アイチも二つの剣で応戦、援護しようにも誰も、その戦いに圧倒され、桁が違うと誰もが瞬時に理解した。

「貴方一体何者なんですか!!」
「蒼龍に選ばれし子、貴様になら名乗ってもいいだろう、我が名はレオン」

帽子の影から僅かに、見えた金色の髪と紫の瞳。
しかし澱んでいる瞳は、アイチに再び悪寒を与えた。

「光の先導者、アイチ・先導・ユナイテッド・サンクチュアリ。
お前には此処で死んでもらう、我が一族の再興のために生贄だ」

「なっ!!」
二つの剣を合わせ、ブラスター・フォトン・ブレードを生み出すと、柄を持つ。
レオンは不気味に笑うと、生暖かい風が吹いてきた、まるでレオンが生み出しているかのような。

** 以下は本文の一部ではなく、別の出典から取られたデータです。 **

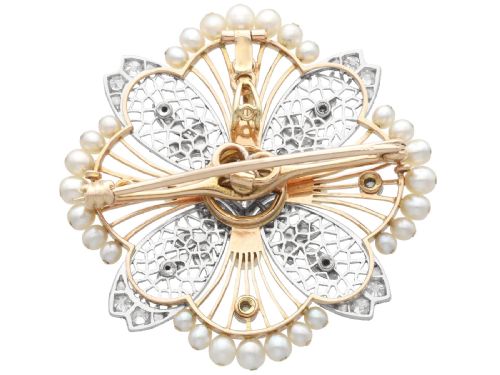 fig 9. An openwork circular Edwardian floral pendant brooch crafted in rose gold and platinum, set with central diamonds and a perimeter of natural pearls.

「このカードは暫く使えないが・・貴様相手では仕方がない。
伝説のアクアフォースの力、味わうがいい!!オーダー・オブ・ジャスティス!!」

突風と共に、吹き飛ばされそうな力に押されるアイチ。
今此処で自分が避ければ、島と背後にいるミサキ達が倒れる。

「お願い、ロイヤルパラディンの皆!!」
カードケースから全てのロイヤルパラディンのカードを取り出し、円を描くように広がると白く輝き始める。
巨大な青い光を全て受け止め、そしてブラスター・フォトン・ブレードで切り裂いた。

「何!!」
レオンも正面から、切られるとは思っていなかったのか驚いたが
代償としてアイチはロイヤルパラディンのカードが使用不可能になる。

「皆っ・・・・!!」
カードはところどころ黒く変色して、光を失い落ちそうになるのをアイチが受け止める。
無事だったのか、たった三枚、悲しそうにカードを抱きしめるアイチにレオンは。


「フッ・・まぁいい。これでお前は戦う手段を失ったも同然だ!!」
ティア―ナイトを向かわせ、アイチにトドメを刺そうとする。
ロイヤルパラディンを守るように抱きしめているアイチは、避けられないと覚悟したように、目を固く閉じた。







「もう心配いりませんよ、アイチ君」









「えっ・・・」
黒い影が、アイチに抱きつくと誰かがティア―ナイトを剣で切り裂いた。
カードからも真っ二つになるほどの衝撃、そして赤い髪に黒い騎士服、それはアイチ同じ能力を持つ。


「レン・・・さん?」
「はい、アイチ君。大丈夫ですか?」
アイチを片腕に抱きつつ、剣を構える、AL4連合国の帝王、レン・NAL・雀ヶ森。
暗い影を感じない、無邪気な笑顔でアイチを挨拶をする。